The third eyes in the middle of the fox's heads glowed bright. Fiery beams shot out of the eyes, striking a few of the wheelbirds, striking a few.

Hurtling forward, the fox opened both of its mouths. With a crack, the opened wider still, unhinged, like the jaws of a snake. Tufts of their fur quivered and burst, spooling out in long strands—an eruption of rope. The fur-ropes tips frayed, winding themselves into different numbers of snapping fingers. The fingers shot at two passing wheelbirds, ensnared them, and reeled them in. The wheelbirds flapped their wings in a frenzy, tugging at the fox's fur ropes, but the fox was stronger.

It shoved them into its mouth and then crunched down with both jaws. Luminous blood trickling out from between the heads' fangs.

Karl wasn't the only wyrm to get sent on a journey across time, space, and memory.
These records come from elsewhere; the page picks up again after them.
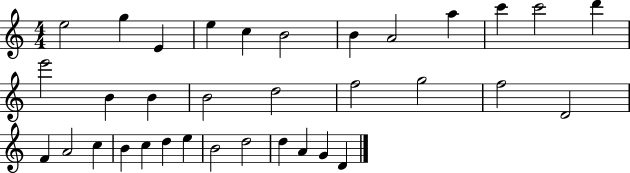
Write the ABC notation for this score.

X:1
T:Untitled
M:4/4
L:1/4
K:C
e2 g E e c B2 B A2 a c' c'2 d' e'2 B B B2 d2 f2 g2 f2 D2 F A2 c B c d e B2 d2 d A G D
Elsewhere, Merritt and Yuth raced down hall after hall like hovercars on an Expressway, trapped in the spatial labyrinth that had once been the Imperial Palace. Yuth smashed a window and flew out through it, just as Nathan had done—only this time, no mysterious force sucked anyone through the resulting opening.

Cracks shuddered through the wall as Yuth wriggled through. She turned around and yelled once she made it to the other side.

"Merritt, c'mon!"

Merritt followed her; anything to get away from the shadow chasing them like the specter of death. The thing was inhuman: a silhouette of living void-fire limned in a trace-line of many colors. Just being near it left Merritt feeling like her scales were being peeled off en masse.
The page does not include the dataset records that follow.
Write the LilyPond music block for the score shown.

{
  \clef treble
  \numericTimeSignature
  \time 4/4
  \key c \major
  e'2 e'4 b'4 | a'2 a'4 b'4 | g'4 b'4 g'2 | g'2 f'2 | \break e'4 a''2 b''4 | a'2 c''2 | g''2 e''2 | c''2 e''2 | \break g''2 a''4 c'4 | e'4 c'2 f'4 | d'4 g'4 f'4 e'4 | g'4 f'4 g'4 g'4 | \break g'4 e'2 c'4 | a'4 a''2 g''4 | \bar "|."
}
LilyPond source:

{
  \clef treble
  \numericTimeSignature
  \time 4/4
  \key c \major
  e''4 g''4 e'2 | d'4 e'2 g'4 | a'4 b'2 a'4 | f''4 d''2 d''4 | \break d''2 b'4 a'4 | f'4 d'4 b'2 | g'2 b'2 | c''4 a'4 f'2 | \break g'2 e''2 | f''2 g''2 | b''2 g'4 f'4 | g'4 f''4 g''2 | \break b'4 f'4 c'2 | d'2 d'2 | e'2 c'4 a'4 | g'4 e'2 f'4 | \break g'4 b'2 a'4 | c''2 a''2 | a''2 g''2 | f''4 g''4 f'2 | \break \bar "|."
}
Merritt thrashed as she struggled to get through the window. Yuth grabbed her by the horns and pulled, helping her through, and taking away a good chunk of the wall in the process.

Merritt bellowed fearfully. Instead of the outside world, the other side of the window opened onto only more hallways.

Mrs. Elbock never would have imagined there'd come a day when she'd pining for when buildings had distinct insides and outsides.

Yet here were are.

"Is this ever going to end?" Storn said.

But Merritt didn't get any time to ponder and answer.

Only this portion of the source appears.